Published Friday, April 16, 1999, in the Miami Herald

Cuba loses trademark suit, may sabotage U.S. brands

By JUAN O. TAMAYO
Herald Staff Writer

A U.S. judge has rejected a Cuban suit against the Bacardi rum empire over a trademark, raising the odds that Havana might retaliate by refusing to protect U.S. brands on the island.

The ruling Wednesday capped a complex legal battle over the trademark of Cuba's top-selling rum, Havana Club, that pits Havana against two exile families whose distilleries it seized in 1960.

At the heart of Judge Shira Scheindlin's ruling in New York was a measure approved by the U.S. Congress last year to deny legal protection to the trademarks of properties seized by President Fidel Castro's government.

Cuba blamed the law on Bacardi lobbyists and threatened in January that it would stop protecting the 3,000 to 4,000 U.S. trademarks registered in Cuba, including McDonald's and Victoria's Secret, if it lost the case.

That would mean anyone in Cuba could register U.S. brands like Pizza Hut and McDonald's, do business under those names and even force the U.S. owners to buy them back if the U.S. embargo is ever lifted.

Hailed as victory

Bacardi welcomed Scheindlin's ruling as a victory for the Arechabala family, which manufactured Havana Club rum in Cuba until Castro's regime seized all privately owned distilleries in 1960.

``After 40 years, the Arechabala family was able to defend itself and justice was done, said Jorge Rodriguez, Bacardi-Martini U.S.A. vice president for corporate communications.
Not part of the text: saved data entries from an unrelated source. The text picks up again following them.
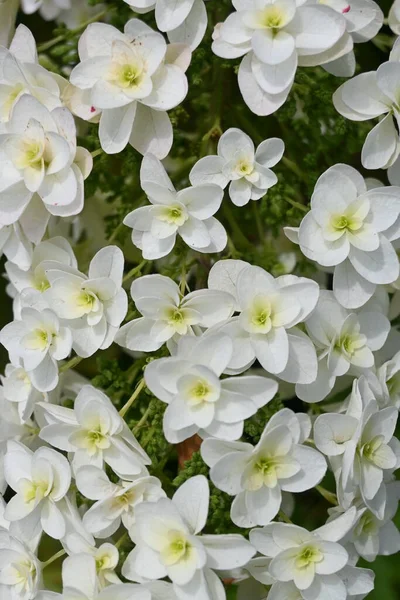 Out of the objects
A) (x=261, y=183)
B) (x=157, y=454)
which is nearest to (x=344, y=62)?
(x=261, y=183)

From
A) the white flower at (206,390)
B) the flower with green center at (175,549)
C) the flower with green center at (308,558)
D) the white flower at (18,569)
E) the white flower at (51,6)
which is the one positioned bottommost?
the flower with green center at (308,558)

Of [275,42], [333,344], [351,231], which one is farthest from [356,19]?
[333,344]

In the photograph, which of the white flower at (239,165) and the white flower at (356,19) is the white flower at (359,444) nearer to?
the white flower at (239,165)

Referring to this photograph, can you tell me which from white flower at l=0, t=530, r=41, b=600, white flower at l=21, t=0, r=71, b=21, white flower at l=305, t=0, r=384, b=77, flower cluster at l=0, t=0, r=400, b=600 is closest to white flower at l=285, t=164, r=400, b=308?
flower cluster at l=0, t=0, r=400, b=600

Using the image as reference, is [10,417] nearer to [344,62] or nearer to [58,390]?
[58,390]

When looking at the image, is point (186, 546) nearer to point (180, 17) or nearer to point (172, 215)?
point (172, 215)

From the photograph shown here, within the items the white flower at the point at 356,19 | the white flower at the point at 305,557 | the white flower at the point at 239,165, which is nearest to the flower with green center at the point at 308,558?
the white flower at the point at 305,557

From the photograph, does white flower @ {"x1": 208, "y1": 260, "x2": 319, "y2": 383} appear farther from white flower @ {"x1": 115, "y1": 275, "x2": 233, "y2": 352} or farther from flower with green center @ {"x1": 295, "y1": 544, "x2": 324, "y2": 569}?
flower with green center @ {"x1": 295, "y1": 544, "x2": 324, "y2": 569} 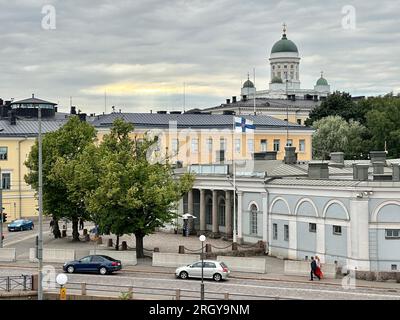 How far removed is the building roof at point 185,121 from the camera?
324 feet

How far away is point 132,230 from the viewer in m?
49.5

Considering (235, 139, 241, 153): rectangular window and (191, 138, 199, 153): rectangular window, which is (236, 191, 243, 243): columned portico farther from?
(235, 139, 241, 153): rectangular window

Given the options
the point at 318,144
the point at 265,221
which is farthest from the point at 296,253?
the point at 318,144

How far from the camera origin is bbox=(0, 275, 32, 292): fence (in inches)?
1451

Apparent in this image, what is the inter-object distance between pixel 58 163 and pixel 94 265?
58.1 feet

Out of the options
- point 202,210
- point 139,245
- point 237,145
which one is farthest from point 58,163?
point 237,145

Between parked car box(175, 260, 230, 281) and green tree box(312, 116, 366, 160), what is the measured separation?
71.8 meters

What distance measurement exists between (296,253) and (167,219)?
30.3ft

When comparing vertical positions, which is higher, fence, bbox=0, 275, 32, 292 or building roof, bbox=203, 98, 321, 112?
building roof, bbox=203, 98, 321, 112

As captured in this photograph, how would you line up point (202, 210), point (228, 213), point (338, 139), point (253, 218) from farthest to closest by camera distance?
point (338, 139) < point (202, 210) < point (228, 213) < point (253, 218)

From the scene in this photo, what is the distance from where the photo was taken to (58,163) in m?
59.9

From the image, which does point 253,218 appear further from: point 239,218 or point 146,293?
point 146,293

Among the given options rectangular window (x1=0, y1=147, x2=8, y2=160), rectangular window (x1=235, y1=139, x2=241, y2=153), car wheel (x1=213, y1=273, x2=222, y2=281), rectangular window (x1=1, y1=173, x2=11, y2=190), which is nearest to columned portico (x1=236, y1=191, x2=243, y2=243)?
car wheel (x1=213, y1=273, x2=222, y2=281) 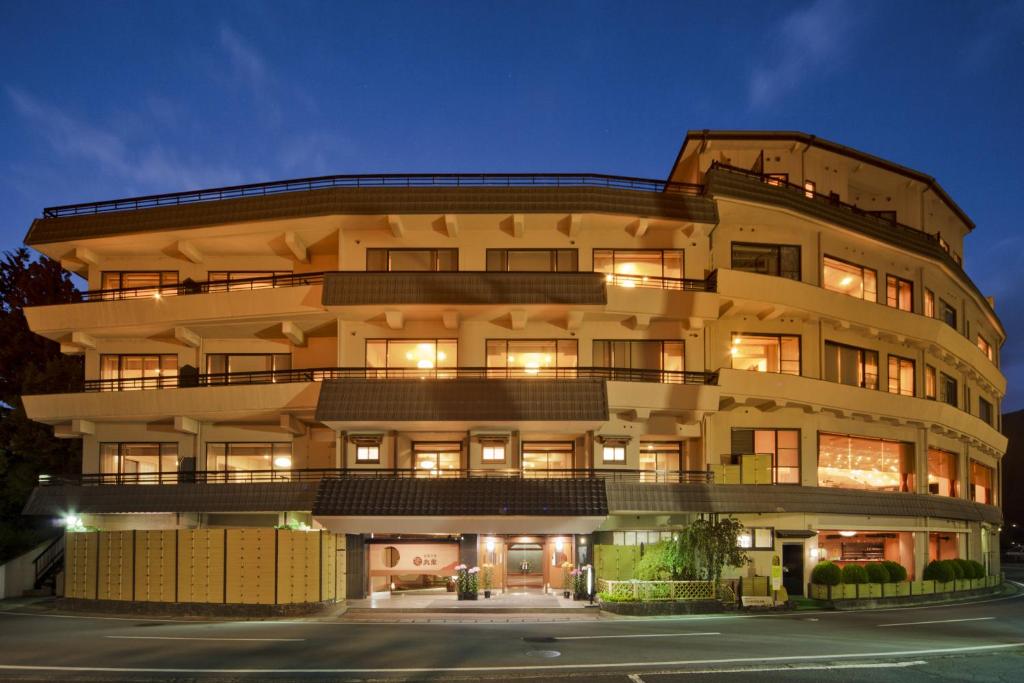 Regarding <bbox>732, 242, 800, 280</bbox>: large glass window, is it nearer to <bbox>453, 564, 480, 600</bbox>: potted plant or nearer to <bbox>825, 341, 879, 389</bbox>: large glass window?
<bbox>825, 341, 879, 389</bbox>: large glass window

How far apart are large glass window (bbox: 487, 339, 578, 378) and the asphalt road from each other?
36.0ft

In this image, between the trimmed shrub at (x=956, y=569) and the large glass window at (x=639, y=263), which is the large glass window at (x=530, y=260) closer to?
the large glass window at (x=639, y=263)

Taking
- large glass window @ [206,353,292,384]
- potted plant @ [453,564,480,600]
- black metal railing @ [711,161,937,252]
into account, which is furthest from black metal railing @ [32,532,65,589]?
black metal railing @ [711,161,937,252]

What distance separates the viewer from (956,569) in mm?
39000

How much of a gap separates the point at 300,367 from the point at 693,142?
19713mm

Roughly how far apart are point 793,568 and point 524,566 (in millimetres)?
10770

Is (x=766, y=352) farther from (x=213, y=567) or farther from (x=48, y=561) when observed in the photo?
(x=48, y=561)

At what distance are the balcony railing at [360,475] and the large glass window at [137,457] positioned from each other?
0.68 m

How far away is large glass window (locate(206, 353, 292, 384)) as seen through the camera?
3706 centimetres

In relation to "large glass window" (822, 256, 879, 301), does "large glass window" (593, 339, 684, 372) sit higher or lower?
lower

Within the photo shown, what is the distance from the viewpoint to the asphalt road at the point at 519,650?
17.6 meters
Scheindlin's 37-page ruling made no mention of the legality of Castro expropriations and said only that the case presented ``an interesting irony, with Cuban and exile-owned firms registered in Havana, Luxembourg, Liechtenstein, the Bahamas and Delaware doing battle in a U.S. court.
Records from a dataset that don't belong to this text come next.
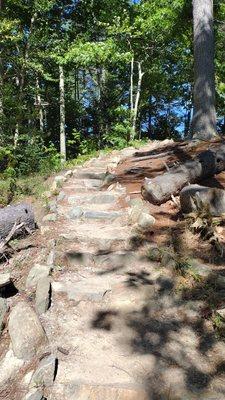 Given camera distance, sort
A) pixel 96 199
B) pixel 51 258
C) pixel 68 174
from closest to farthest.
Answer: pixel 51 258 < pixel 96 199 < pixel 68 174

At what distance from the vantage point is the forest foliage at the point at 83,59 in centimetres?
1384

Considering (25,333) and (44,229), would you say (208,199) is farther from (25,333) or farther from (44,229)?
(25,333)

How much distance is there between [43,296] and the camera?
13.6 ft

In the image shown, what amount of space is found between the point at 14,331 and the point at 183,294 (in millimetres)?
1791

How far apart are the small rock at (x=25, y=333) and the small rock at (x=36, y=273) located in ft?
1.84

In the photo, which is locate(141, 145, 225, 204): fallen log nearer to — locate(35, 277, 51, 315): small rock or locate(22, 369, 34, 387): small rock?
locate(35, 277, 51, 315): small rock

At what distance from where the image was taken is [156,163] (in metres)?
9.08

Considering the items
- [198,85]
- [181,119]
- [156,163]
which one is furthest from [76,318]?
[181,119]

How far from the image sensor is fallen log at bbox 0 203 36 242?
5527mm

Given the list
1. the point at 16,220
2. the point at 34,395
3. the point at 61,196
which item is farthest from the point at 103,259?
the point at 61,196

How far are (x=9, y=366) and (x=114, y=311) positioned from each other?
1.20 meters

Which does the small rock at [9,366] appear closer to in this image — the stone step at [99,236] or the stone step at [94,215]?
the stone step at [99,236]

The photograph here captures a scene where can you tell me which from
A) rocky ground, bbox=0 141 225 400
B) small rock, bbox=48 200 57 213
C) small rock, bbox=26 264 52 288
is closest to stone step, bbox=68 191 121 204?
small rock, bbox=48 200 57 213

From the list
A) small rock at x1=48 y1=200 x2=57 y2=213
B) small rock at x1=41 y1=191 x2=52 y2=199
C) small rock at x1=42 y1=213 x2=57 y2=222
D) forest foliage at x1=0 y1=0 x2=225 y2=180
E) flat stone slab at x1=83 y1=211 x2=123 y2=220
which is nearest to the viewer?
small rock at x1=42 y1=213 x2=57 y2=222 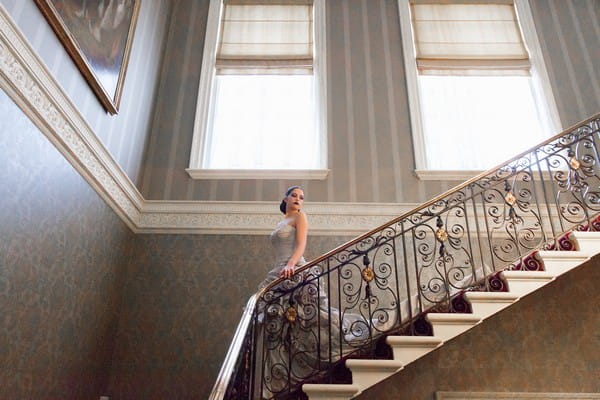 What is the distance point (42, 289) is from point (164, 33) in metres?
4.81

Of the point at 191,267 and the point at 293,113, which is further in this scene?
the point at 293,113

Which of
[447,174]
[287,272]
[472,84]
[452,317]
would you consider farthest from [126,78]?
[472,84]

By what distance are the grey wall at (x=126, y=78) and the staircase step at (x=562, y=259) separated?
14.6ft

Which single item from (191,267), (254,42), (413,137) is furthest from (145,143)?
(413,137)

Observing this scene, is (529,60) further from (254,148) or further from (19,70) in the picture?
(19,70)

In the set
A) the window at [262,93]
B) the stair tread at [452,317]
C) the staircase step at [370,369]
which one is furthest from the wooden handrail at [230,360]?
the window at [262,93]

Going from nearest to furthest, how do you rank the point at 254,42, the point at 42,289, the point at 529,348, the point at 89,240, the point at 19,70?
the point at 19,70 → the point at 42,289 → the point at 89,240 → the point at 529,348 → the point at 254,42

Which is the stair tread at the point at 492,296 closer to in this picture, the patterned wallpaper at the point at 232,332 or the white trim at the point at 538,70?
the patterned wallpaper at the point at 232,332

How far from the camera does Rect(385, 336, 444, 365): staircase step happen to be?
11.5ft

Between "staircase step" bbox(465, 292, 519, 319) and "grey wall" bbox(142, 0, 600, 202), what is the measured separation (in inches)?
94.6

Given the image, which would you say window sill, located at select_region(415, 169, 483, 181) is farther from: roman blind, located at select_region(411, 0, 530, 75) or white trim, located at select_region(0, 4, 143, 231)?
white trim, located at select_region(0, 4, 143, 231)

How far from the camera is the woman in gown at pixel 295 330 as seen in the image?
140 inches

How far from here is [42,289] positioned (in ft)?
12.2

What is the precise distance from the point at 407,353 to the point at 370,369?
322 millimetres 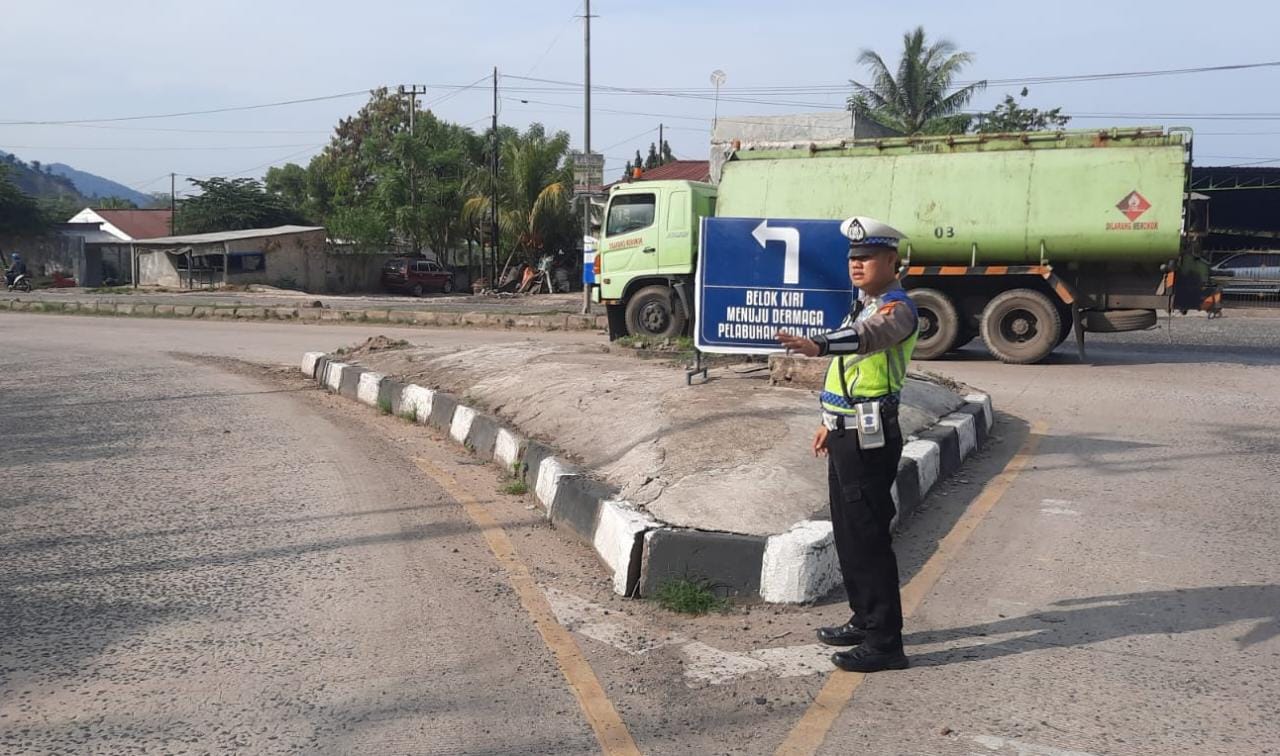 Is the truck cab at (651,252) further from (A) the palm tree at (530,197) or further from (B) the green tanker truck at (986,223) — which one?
(A) the palm tree at (530,197)

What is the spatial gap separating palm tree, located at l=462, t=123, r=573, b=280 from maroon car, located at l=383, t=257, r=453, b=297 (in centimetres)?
239

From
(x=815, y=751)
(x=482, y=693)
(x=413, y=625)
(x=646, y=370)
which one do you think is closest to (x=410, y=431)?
(x=646, y=370)

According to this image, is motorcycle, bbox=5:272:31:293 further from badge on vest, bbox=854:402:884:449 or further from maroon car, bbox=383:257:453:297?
badge on vest, bbox=854:402:884:449

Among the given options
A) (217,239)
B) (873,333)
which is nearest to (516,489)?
(873,333)

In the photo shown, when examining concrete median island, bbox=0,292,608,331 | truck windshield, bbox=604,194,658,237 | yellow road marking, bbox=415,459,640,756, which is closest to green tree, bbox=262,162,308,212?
concrete median island, bbox=0,292,608,331

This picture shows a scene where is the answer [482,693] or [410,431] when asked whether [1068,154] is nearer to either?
[410,431]

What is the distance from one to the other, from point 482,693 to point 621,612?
1.05 meters

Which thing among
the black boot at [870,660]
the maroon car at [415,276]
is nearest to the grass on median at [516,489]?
the black boot at [870,660]

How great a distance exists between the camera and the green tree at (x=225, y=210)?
52312 millimetres

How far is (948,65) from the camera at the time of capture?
37.6m

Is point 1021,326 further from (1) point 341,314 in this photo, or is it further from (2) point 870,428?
(1) point 341,314

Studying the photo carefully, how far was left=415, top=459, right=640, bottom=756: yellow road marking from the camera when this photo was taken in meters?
3.63

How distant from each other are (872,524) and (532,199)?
3808cm

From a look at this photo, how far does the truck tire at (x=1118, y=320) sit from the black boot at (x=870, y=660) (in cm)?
1206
At stake in the case were not only tens of millions of dollars in foreign sales of Cuba's top rum, but a mutual U.S. and Cuban respect for trademarks that had survived 40 years of Cold War animosity.

Two-year-old suit

Cuban-owned Havana Club Holdings filed suit against Bacardi in early 1997, two years after Bacardi began U.S. distribution of a Havana Club brand of rum distilled in Bacardi's plant in Puerto Rico.

Bacardi argued it had bought the trademark from the Arechabalas. Cuba argued that the Arechabalas did not own the name and that the U.S. Patent and Trademark Office had recognized Havana Club as a Cuban brand in 1976.

Cuba won the first round, but lost the second early last year over a murky effort to win U.S. recognition for its sale of a 50 percent share of Havana Club to the French liquor firm Pernod Ricard in 1995.

Havana seemed likely to win the third round until Florida's senators, Democrat Bob Graham and Republican Connie Mack, introduced a brief amendment in September to the huge spending bill that governs federal spending.

The measure mandated that no U.S. court could protect the trademarks of any properties confiscated by the Castro government unless their original owners gave express consent.

Overrides treaties

Scheindlin ruled that the measure, contrary to Cuban arguments, overrides all U.S. obligations under international treaties to protect legally registered intellectual properties.

Cuban officials could not be reached for comment on the ruling, and Havana's lawyer in New York, Michael Krinsky, did not return Herald phone calls.

But U.S. experts who have been following the case said the ruling could sow chaos and confusion in an area of international relations that is already sensitive -- respect for intellectual properties.

Cuban National Assembly President Ricardo Alarcon warned in January that Havana could stop protecting U.S. trademarks registered in Cuba, in essence throwing the doors open to misappropriation of trademarks.

``Cuba has a booming tourism industry, and someone might want to open a McDonald's, said Pamela Falk, a professor of international trade and business law at the City University of New York.

Cuba could also file a complaint against Washington before the World Trade Organization in Geneva in hopes of overturning the Graham-Mack measure, Falk added.